Task statement.
Transcribe all of the data exactly. Images stay out.

[Caption-style text data]
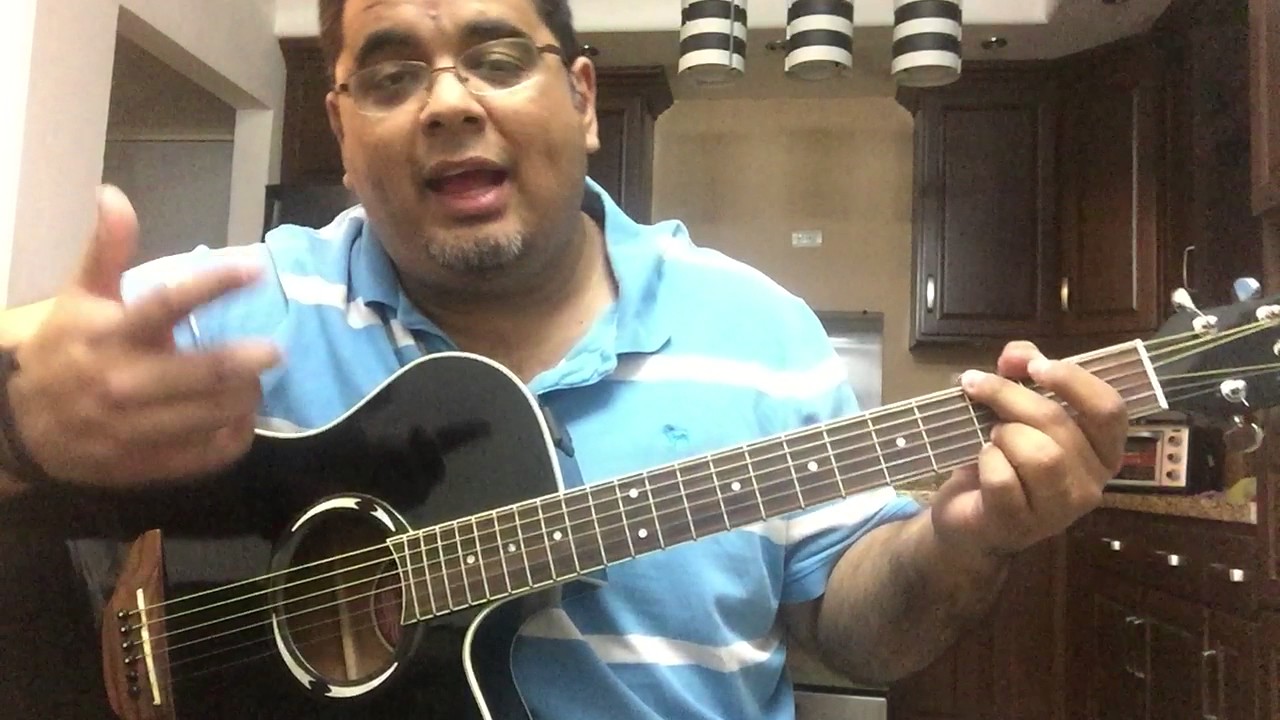 Tutorial CRISTO ES EL SEÑOR en tono de LAm
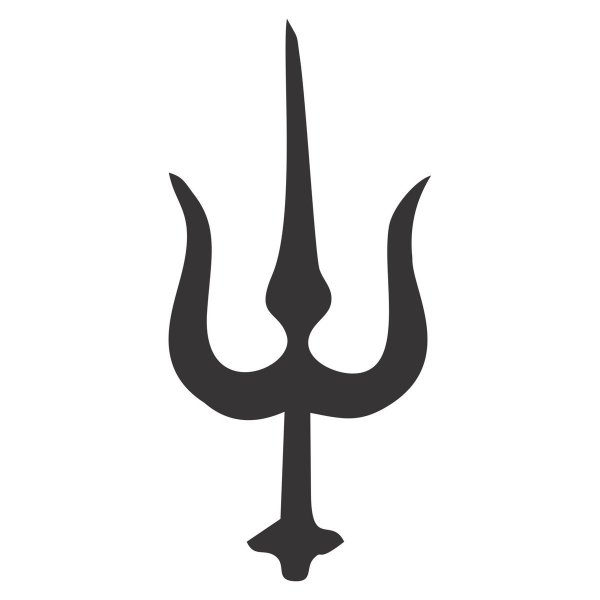 Символ в виде трезубца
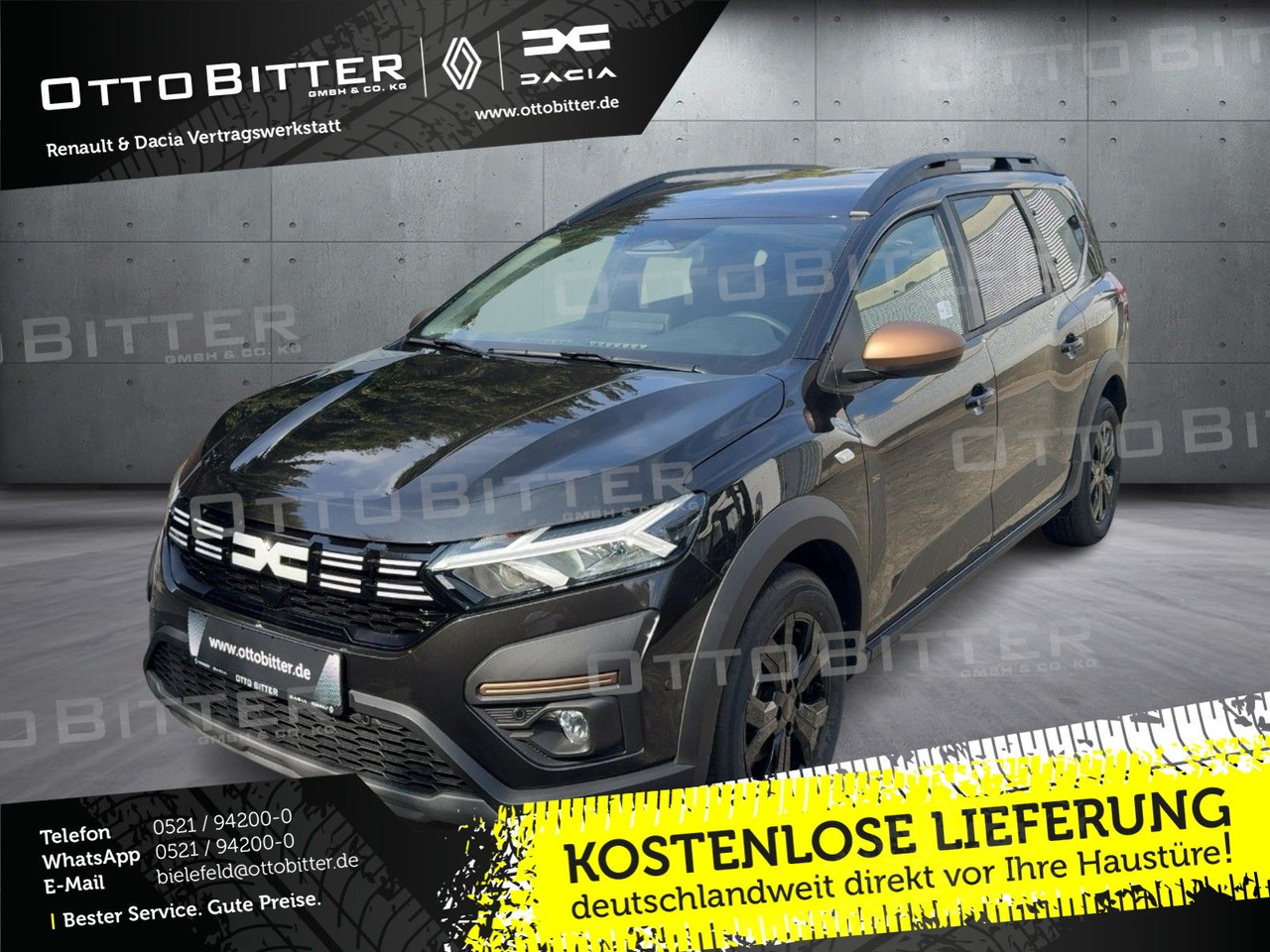 Dacia Jogger Extreme TCe110 7-Sitze CITY-PAKET/NAVI - Voiture break: photos 1 Dacia Jogger Extreme TCe110 7-Sitze CITY-PAKET/NAVI - Voiture break: photos 1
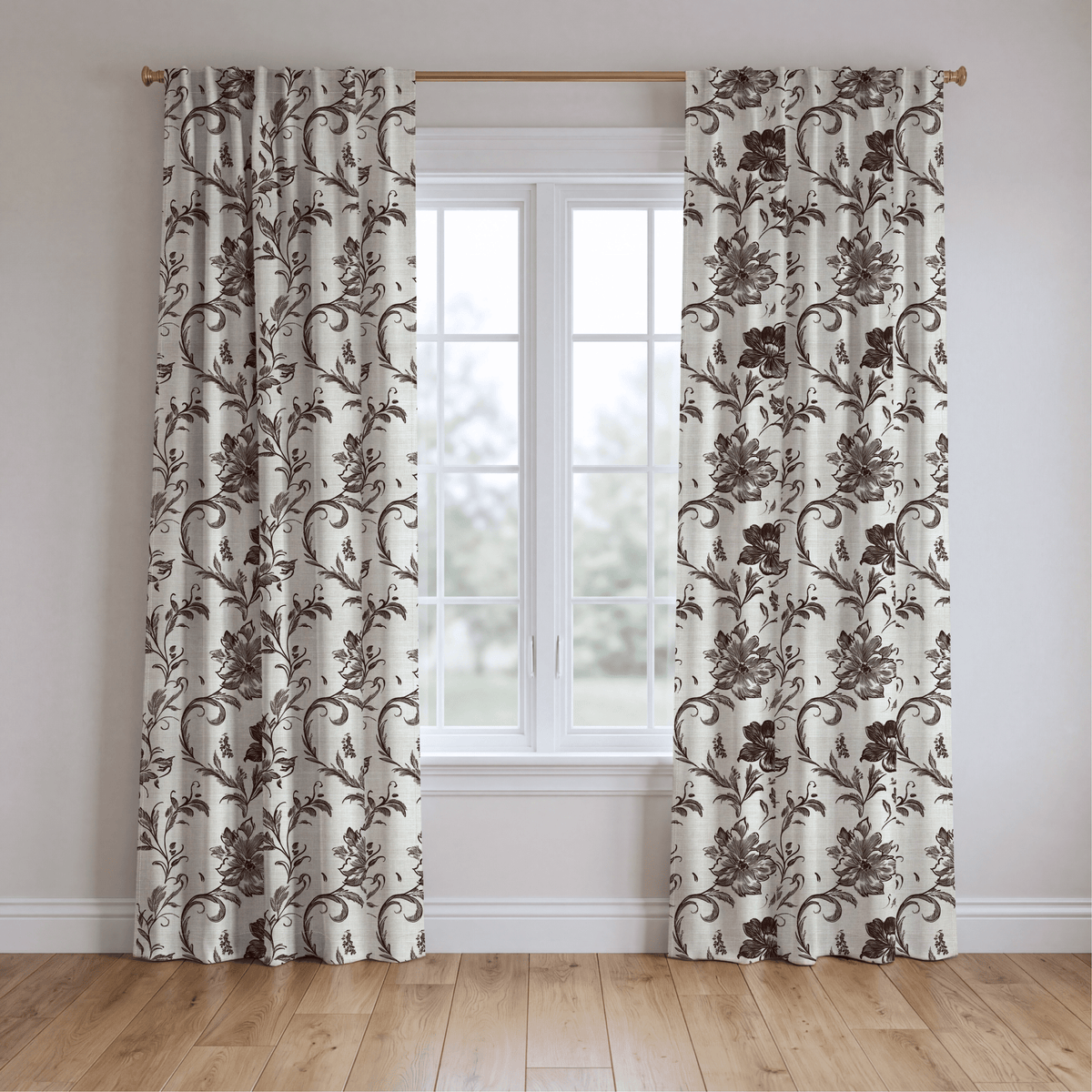 Henrietta - Curtain Panel - The Drapery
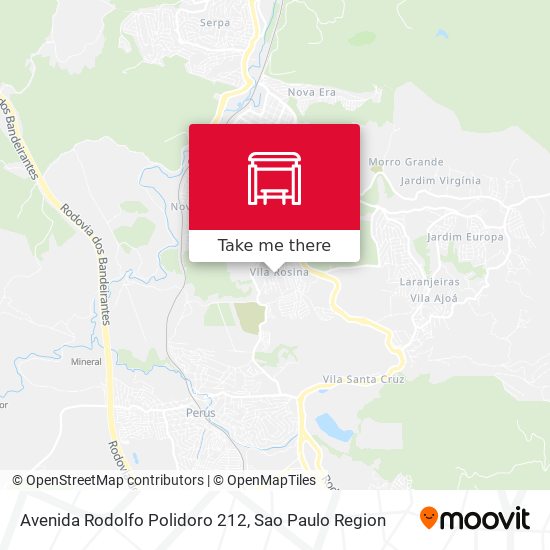 Avenida Rodolfo Polidoro 212 map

Answer area.
 Tutorial CRISTO ES EL SEÑOR en tono de LAm
 Символ в виде трезубца
 Dacia Jogger Extreme TCe110 7-Sitze CITY-PAKET/NAVI - Voiture break: photos 1 Dacia Jogger Extreme TCe110 7-Sitze CITY-PAKET/NAVI - Voiture break: photos 1
 Henrietta - Curtain Panel - The Drapery
 Avenida Rodolfo Polidoro 212 map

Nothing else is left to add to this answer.